Однако разговор становился все тише и тише, хотя Эпп и уверил собеседников, что самый надежный хиланский ловчий не идет ни в какое сравнение с его Аравой, но кричать о том, что происходило в Текане, не следовало. Понятно, что Кай говорил старику не все, но главное, для него главное, не утаивал. Впрочем, кое-что Эпп уже знал. И о Намеше, которая обратилась в большой открытый могильник, на краю которого сидят пустотные твари и щелкают клювами. И о Кете, в единый миг лишившейся всего, — только и осталось от нее что каменная плотина на слиянии двух рек вместо замка да порядком подмытая наводнением, мертвая высота. И о Ламене, окутанном дымом, и о Зене, которая все-таки отбилась от некуманза.

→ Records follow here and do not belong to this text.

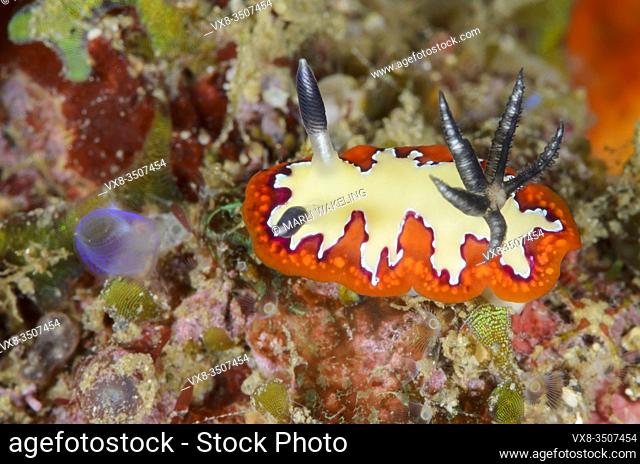 sea slug or nudibranch, Goniobranchus fidelis, Lembeh Strait, North Sulawesi, Indonesia, Pacific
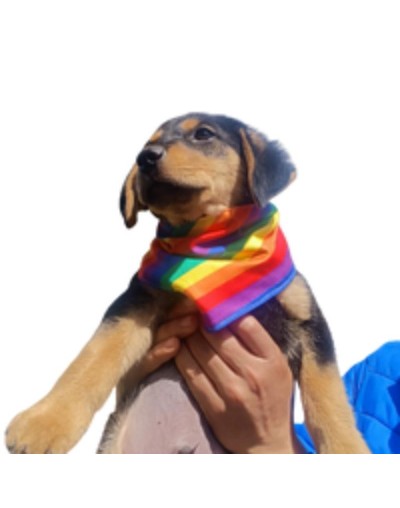 Pañoleta edicion pride Ultimas Unidades XXS a L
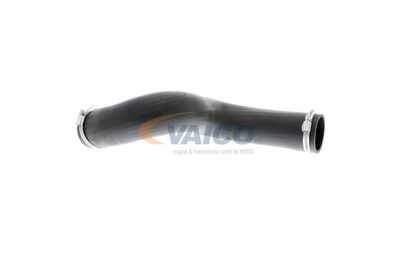 LADELUFTSCHLAUCH VAICO V103832 11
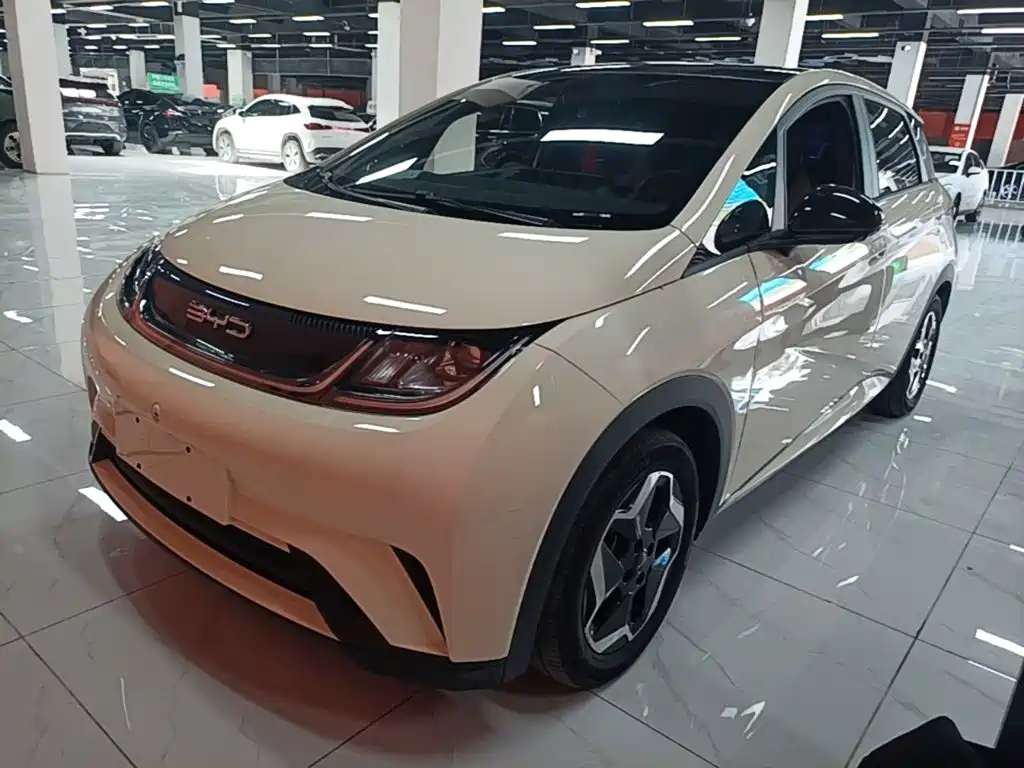 BYD Dolphin 2021 Model 405km Fashion Edition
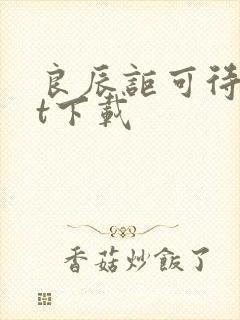 良辰讵可待txt下载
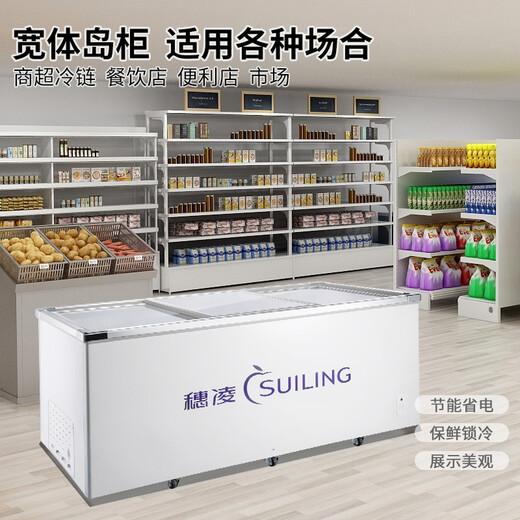 穗凌冰柜展示柜商用冰柜冷冻玻璃门大容量冰柜超市组合冰鲜冷柜海鲜肉类速冻卧式冰箱商用冷柜商用冷柜 【-18℃大型冷冻柜】WD4-1098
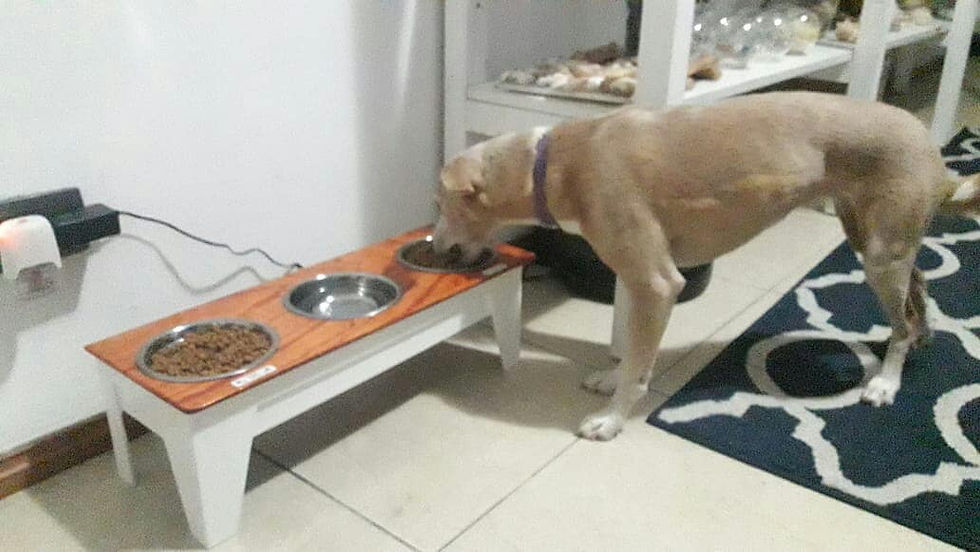 Miniatura: Comedero Mascotas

— Был посланник, был, — бормотал, попивая томленное с травами вино, Эпп. — Второго дня только примчался, со сменными лошадьми. Отбились зенцы от заречной пакости. Потеряли не менее пары тысяч человек, и мужиков, и баб, но некуманза перебили всех. Главное, деток сохранили, дома. Зато теперь словно второе дыхание обрели. Частокол рядят вокруг города, копьями машут, дозорами в окрестные деревни собираются. А ведь только за день до той битвы готовы были ножки вытянуть да ручки на груди сложить. И как ополоумели словно. Собрали все, до единого, у кого что было, вышли на берег и встретили заречных. Правда, вестник сказал, что те будто не в себе были, на копья, на стрелы, на вилы так и лезли. Ну так их ведь никто и не звал, поэтому нечего обижаться.